Derek warren pharmacology (anti-platelets, coagulation, fibirnolytics etc)

Question 1

What is haemostasis?

Answer 1

The cessation of bleeding from a damaged blood vessel (arrest of blood loss)

Question 2

What happens when LDL cholesterol accumulates in the artery (process of atherosclerosis)?

Answer 2

• The LDL cholesterol accumulates in the endothelial layer of the artery wall
• LDL becomes oxidised, this triggers endothelial cells to express markers for immune cells
• immune cells pass into the basement membranes e.g. macrophages and foam cells
• These cells trigger smooth muscle cells to migrate to the area and proliferate to form a fibrous cap
• This fibrous cap blocks the entry of cells and debris from the blood
• Overtime, this thick cap will thin due to death of smooth muscle- the plaque will become unstable and can rupture
• This exposes the contents of the atherosclerotic plaque to the blood e.g. lipids and debris
• this leads to a cascade of events- clotting, blockages of arteries = heart attacks or strokes

Question 3

What happens when we develop a wound?

Answer 3

Wound is formed

Leads to vasoconstriction of blood vessels to prevent excess blood loss

Platelet activation and increased adhesion of platelets to the vessel wall

Formation of a haemostat plug (coagulation)

Fibrinolytics will the breakdown the coagulation when ready

Question 4

What is the main difference in an atherosclerotic coagulation cascade?

Answer 4

There is NO bleeding
= Thrombus: the pathological formation of a clot in the vasculature in the absence of bleeding.

Question 5

What is Thrombosis?

Answer 5

the pathological formation of a clot in the vasculature in the absence of bleeding.
Requires prevention drugs

Question 6

What blood factors activate platelets in the extra-cellular matrix?

Answer 6

• Von willebrand factor
• Collagen

Question 7

What factors prevent platelet activation/aggregation?

Answer 7

Nitric oxide (NO)
Prostacyclin

Question 8

How do we inhibit platelets forming blood clots?

Answer 8

Target factors that promote activation and aggregation:
Thromboxane A2
ADP
Collagen
Von Willebrand factor

Or stalemate factors that prevent a + a:
Prostacyclin
Nitric oxide

Question 9

What are examples of anti-platelet drugs?

Answer 9

Drugs that decrease aggregation or inhibit thrombus formation:
Aspirin
Clopidogren
Ticragrelor
Glycoprotein iib/iiiab inhibitors e.g. tirotiban, eptifbatide, abciximab

Question 10

How are platelets adhered to eachtoher?

Answer 10

Binded by fibrinogen that binds to glycoprotein iib/iiia receptors on both platelets

Question 11

How does aspirin work as an anti-platelet?

Answer 11

• Aspirin irreversibly inhibits Cyclooxygenase 1 and 2 (COX-1 & COX-2)

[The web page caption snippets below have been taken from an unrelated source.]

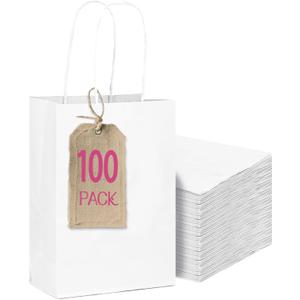 Qiqee 100Pcs Mini White Paper Gift Bags with Handles Bulk 4.5"2.5"6" Gift Bags Multiple Uses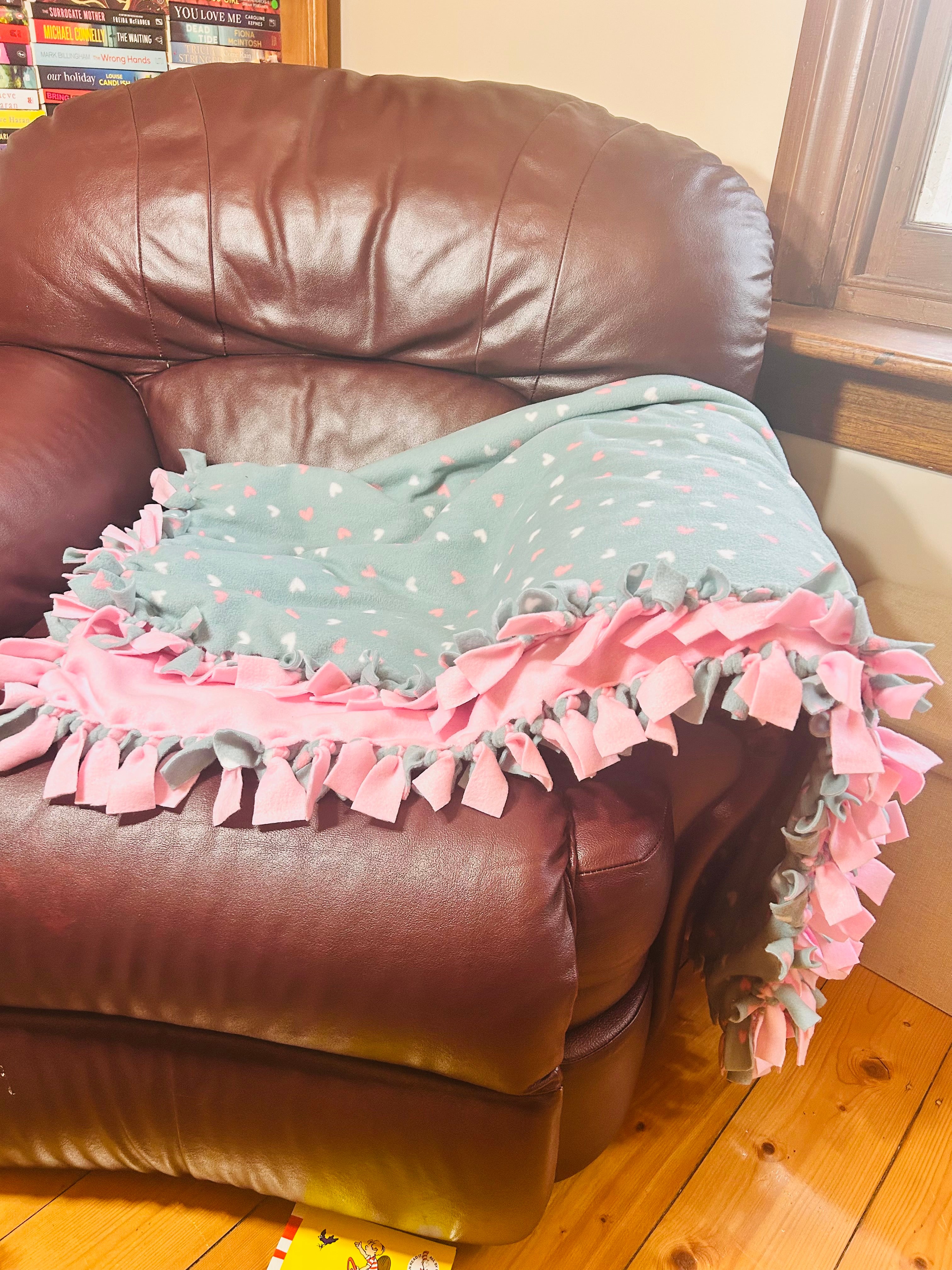 Heart handmade fleece tie blanket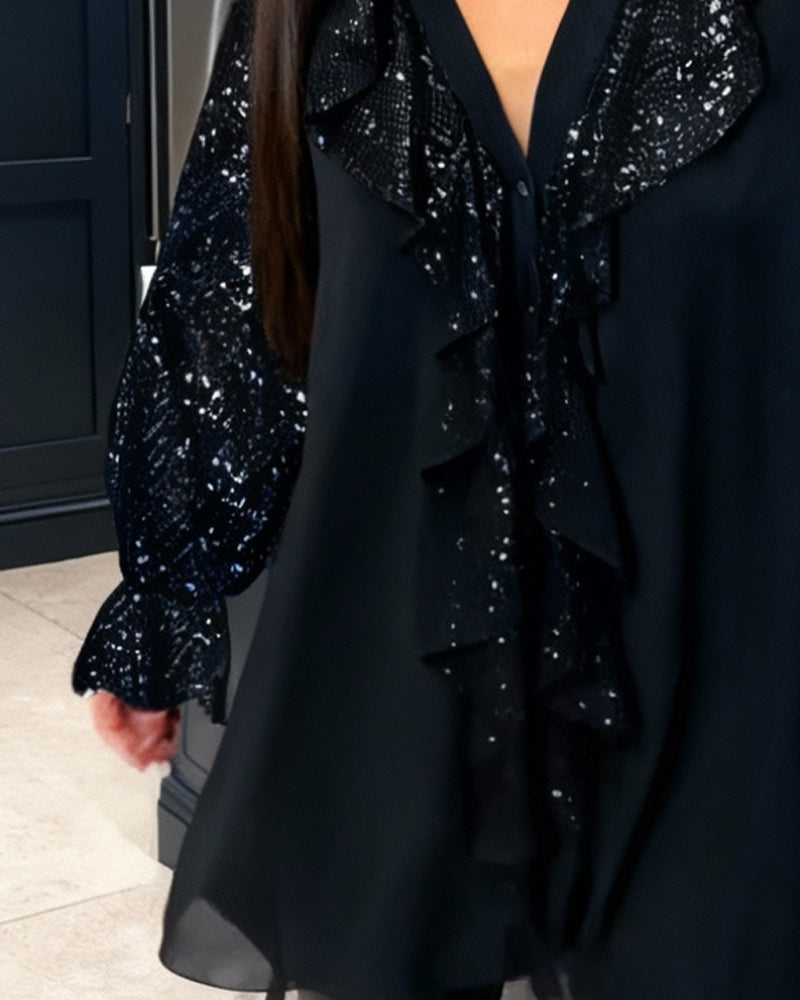 Emily & Isabella Brooks | Loose Solid Color Blouse with Ruffles
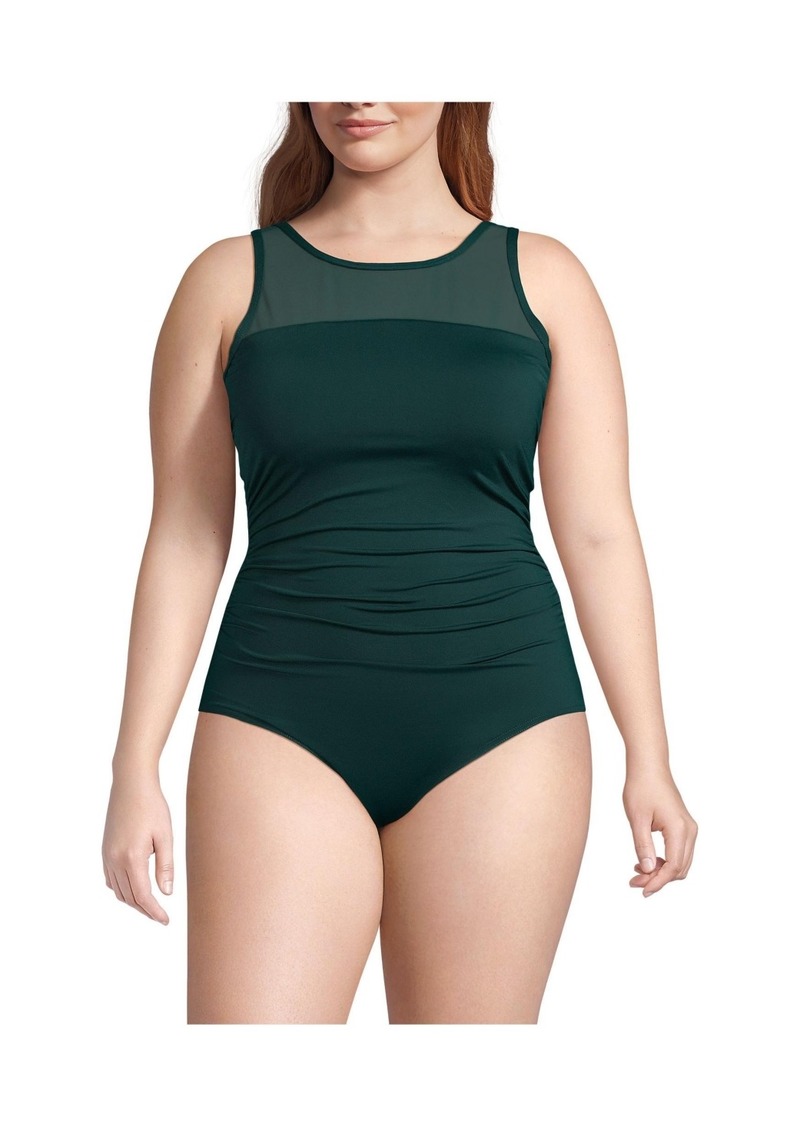 Lands' End Plus Size Chlorine Resistant Smoothing Control Mesh High Neck One Piece Swimsuit - Deep balsam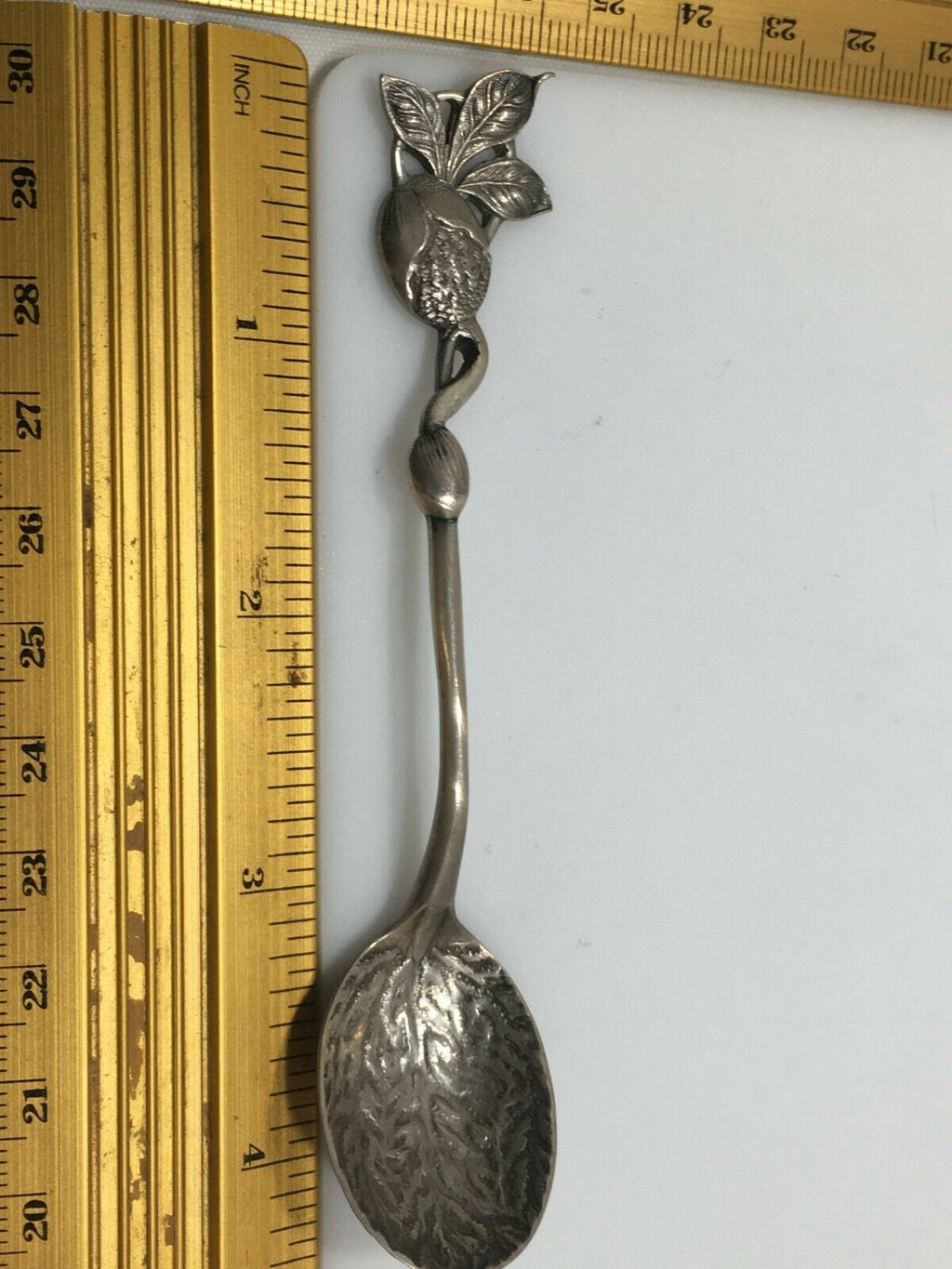 RARE Sterling Silver Antique Sheibler Nutmeg Pattern  Figural olive spoon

Irreversible inhibition of COX-1 in platelets:
This prevents the production of Thromboxane A2 from Arachidonc acid
- Reduces platelet aggregation as thromboxane normally promotes aggregation

ALSO

Irreversible inhibition of COX-2 in endothelial cells:
- This reduces the formation of prostacyclin
- Prostacyclin usually prevents aggregation (so by inhibiting = increased platelet aggregation)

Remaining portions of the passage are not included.